Anche nell’ambito più che ristretto del M5S locale, Parma si conferma un laboratorio. Già prima città capoluogo di provincia a eleggere un sindaco pentastellato, da ieri è anche la prima realtà medio grande con due gruppi 5 Stelle in consiglio comunale: uno in maggioranza, a sostegno del sindaco Pizzarotti, l’altro all’opposizione, in netto contrasto con il primo cittadino di cui stigmatizza l’allontanamento dal programma elettorale. Nel mezzo, il silenzio sempre più glaciale del blog nonché del direttorio e di qualsivoglia vertice nazionale del movimento.
Per creare un nuovo gruppo consiliare, a Parma sono necessari due consiglieri. Dopo l’espulsione dalla maggioranza di Mauro Nuzzo, ieri il 5 Stelle Fabrizio Savani ha deciso di lasciare il gruppo e di formarne uno nuovo, proprio insieme a Nuzzo. E di chiamarlo Movimento 5 Stelle  Parma, proprio come il gruppo da cui provengono.

L’annuncio è stato dato proprio dal consigliere Nuzzo, il quale ha riferito che il consigliere Savani aveva mandato comunicazione al sindaco e al presidente del consiglio per uscire dal gruppo di maggioranza. Nuzzo ha quindi espresso la volontà di costituire insieme a Savani un nuovo gruppo consiliare Movimento 5 stelle Parma all’opposizione.
Piccato il sindaco Pizzarotti: “Il consigliere Nuzzo ha incoraggiato il consigliere Savani, che non ha dato nessuna motivazione su questa sua decisione. Mi dispiace che si sia lasciata la parola solo al consigliere Nuzzo, è corretto esporsi se si pensa qualcosa:  lo si dice in modo da poter controbattere, finché si fa soltanto l’asceta è difficile“, ha aggiunto rivolto a Savani, rinfacciandogli “interventi sibillini che dicono e non dicono mai niente“. La replica di Savani: “Non mi trincero dietro niente, io pago e continuerò a pagare anche in futuro la mia coerenza al programma e ai valori incarnati all’interno del programma del Movimento 5 stelle. Chiedo il rispetto della mia coerenza valoriale“.
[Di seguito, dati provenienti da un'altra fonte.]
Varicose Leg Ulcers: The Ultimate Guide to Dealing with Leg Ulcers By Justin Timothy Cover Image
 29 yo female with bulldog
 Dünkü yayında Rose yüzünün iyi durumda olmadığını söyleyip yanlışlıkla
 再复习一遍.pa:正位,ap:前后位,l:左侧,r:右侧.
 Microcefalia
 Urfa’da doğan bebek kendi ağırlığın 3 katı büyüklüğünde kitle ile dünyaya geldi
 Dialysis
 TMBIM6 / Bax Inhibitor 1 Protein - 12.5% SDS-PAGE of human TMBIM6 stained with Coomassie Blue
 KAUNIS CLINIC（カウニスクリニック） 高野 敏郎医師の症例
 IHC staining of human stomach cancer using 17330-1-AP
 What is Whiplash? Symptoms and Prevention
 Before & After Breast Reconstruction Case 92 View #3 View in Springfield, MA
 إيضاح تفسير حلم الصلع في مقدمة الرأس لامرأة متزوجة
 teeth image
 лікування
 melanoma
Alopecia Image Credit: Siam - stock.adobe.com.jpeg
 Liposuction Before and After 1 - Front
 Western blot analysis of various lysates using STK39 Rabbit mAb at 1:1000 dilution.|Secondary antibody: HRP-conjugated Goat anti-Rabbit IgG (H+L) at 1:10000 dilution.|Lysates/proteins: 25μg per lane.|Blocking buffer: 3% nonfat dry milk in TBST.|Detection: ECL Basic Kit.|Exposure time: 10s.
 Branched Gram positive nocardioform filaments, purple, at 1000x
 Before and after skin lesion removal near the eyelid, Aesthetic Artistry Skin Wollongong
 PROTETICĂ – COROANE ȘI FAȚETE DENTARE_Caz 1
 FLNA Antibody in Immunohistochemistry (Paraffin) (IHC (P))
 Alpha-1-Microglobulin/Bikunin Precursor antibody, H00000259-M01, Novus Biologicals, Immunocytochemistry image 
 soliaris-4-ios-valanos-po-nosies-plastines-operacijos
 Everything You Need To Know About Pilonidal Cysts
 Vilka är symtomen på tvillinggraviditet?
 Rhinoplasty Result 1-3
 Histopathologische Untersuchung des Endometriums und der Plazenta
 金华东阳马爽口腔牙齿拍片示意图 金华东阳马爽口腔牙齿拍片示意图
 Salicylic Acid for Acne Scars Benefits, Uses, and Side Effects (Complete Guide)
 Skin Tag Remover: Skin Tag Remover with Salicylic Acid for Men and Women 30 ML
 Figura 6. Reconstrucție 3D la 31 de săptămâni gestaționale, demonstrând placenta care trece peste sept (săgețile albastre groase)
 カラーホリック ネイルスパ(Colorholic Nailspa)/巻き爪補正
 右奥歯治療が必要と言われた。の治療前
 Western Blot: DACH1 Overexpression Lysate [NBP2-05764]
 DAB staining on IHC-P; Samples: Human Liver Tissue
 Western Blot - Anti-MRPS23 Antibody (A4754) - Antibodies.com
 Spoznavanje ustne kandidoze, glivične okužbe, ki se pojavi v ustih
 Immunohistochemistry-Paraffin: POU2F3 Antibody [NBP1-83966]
In aula un gruppo di membri del M5s Amici di Beppe Grillo – in rotta da tempo con l’amministrazione Pizzarotti – ha espresso il proprio sostegno al nuovo gruppo consiliare Nuzzo – Savani con cartelloni e bandiere. “Ricordo alle persone presenti in sala – ha detto il sindaco – che c’è un regolamento nazionale che vieta che loro possano utilizzare il logo in modo fraudolento: nessuno dei gruppi che non abbiano la lettera (di Grillo, ndr) può utilizzare il logo. E questo vale anche per i consiglieri Nuzzo e Savani“. Una chiamata in causa, l’ennesima, della leadership nazionale che per ora tace.

Adesso a Parma i grillini sono divisi in tre: esponenti e del Movimento “ufficiale” (pizzarottiani più che grillini), il nuovo gruppo appena formatosi e i membri del “Movimento 5 Stelle – Amici di Beppe Grillo”: gruppo che sostiene i due consiglieri e contesta Pizzarotti, reo – secondo loro – di essersi allontanato da tempo dai principi originari del movimento.